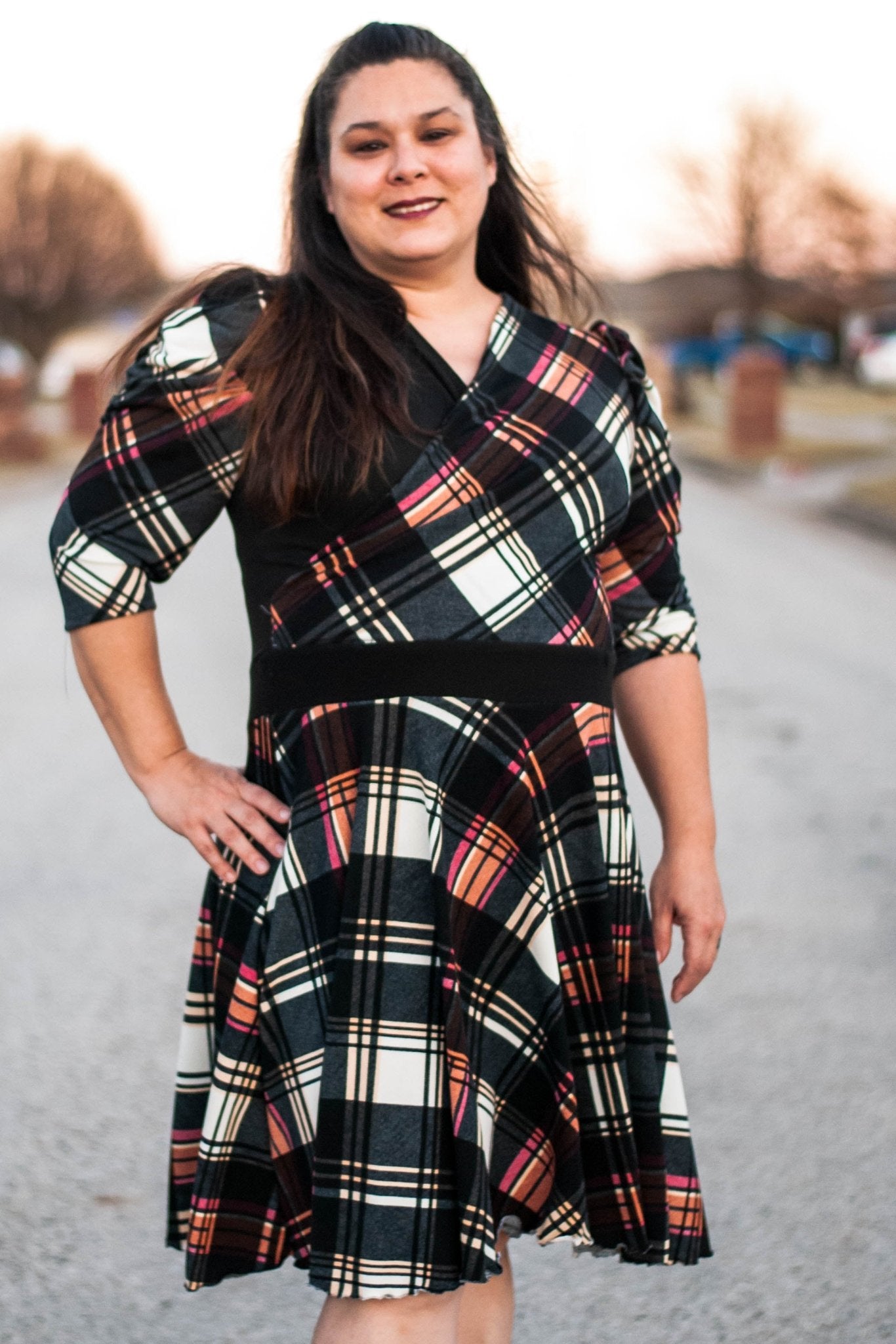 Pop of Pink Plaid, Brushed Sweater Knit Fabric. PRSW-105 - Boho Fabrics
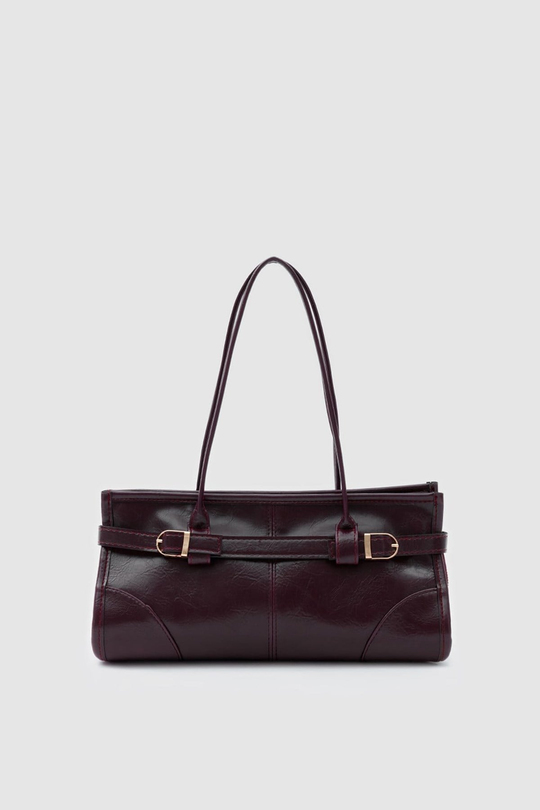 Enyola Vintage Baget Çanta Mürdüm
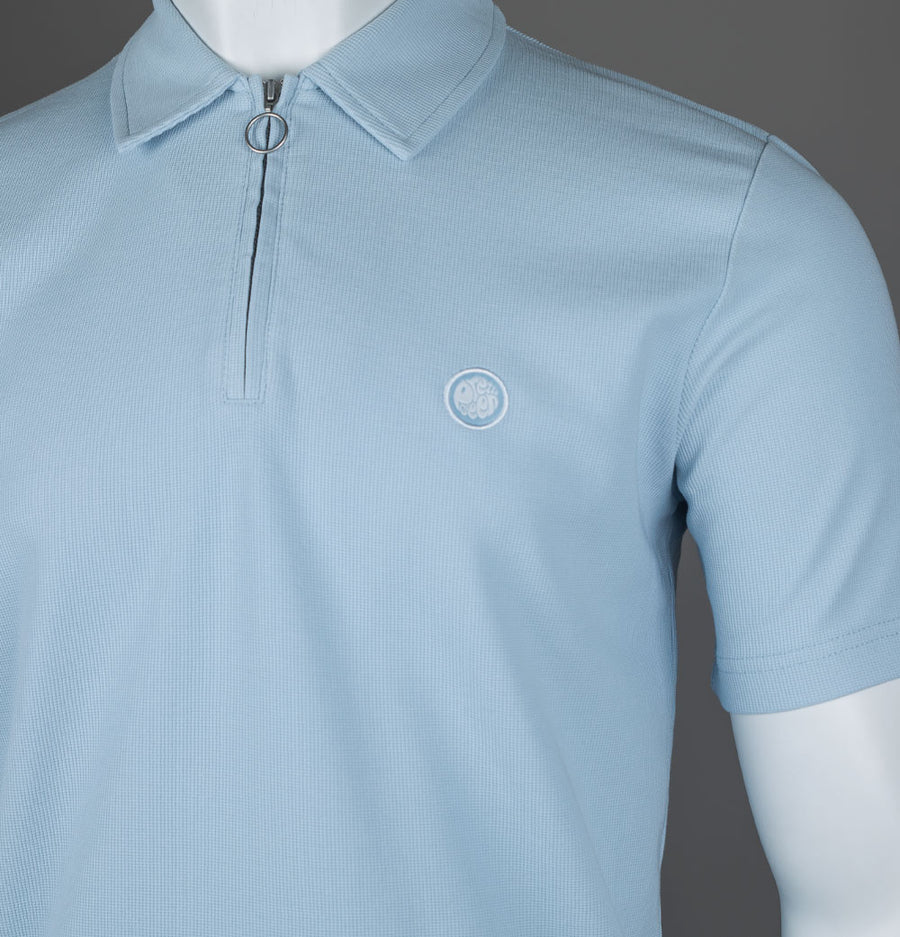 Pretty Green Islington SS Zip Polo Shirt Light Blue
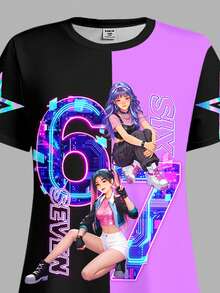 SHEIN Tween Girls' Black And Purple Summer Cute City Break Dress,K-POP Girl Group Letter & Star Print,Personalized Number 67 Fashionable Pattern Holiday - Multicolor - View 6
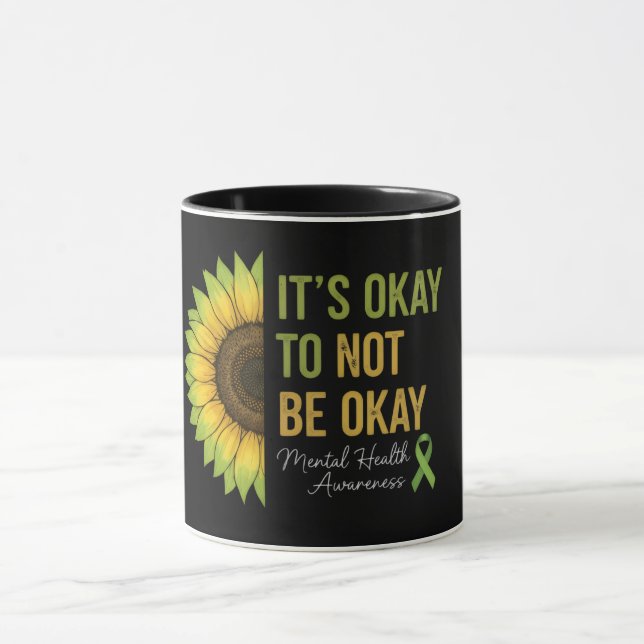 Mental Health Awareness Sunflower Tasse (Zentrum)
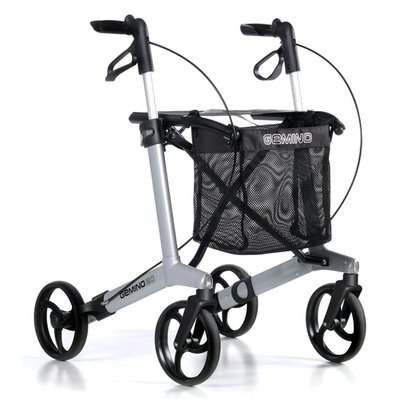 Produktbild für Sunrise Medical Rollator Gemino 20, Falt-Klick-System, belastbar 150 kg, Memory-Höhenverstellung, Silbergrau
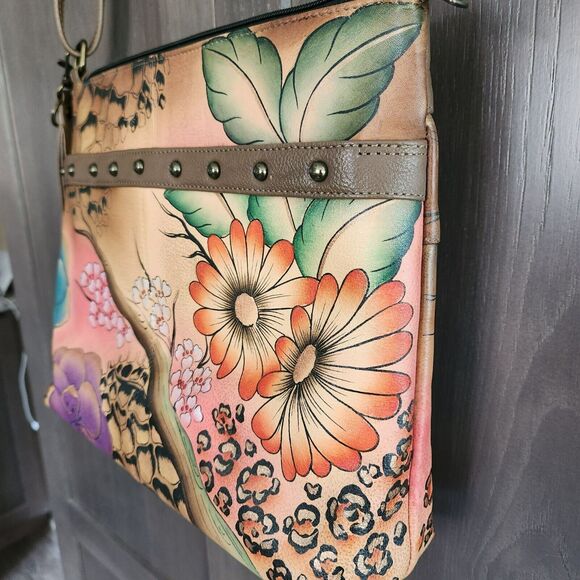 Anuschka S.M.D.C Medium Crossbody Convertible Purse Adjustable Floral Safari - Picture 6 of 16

▬▬▬▬▬▬▬▬▬▬

Could the lines from the top of the material through the line with "Mental Health Awareness" be repeated exactly, pictures left out?

 Pop of Pink Plaid, Brushed Sweater Knit Fabric. PRSW-105 - Boho Fabrics
 Enyola Vintage Baget Çanta Mürdüm
 Pretty Green Islington SS Zip Polo Shirt Light Blue
 SHEIN Tween Girls' Black And Purple Summer Cute City Break Dress,K-POP Girl Group Letter & Star Print,Personalized Number 67 Fashionable Pattern Holiday - Multicolor - View 6
 Mental Health Awareness Sunflower Tasse (Zentrum)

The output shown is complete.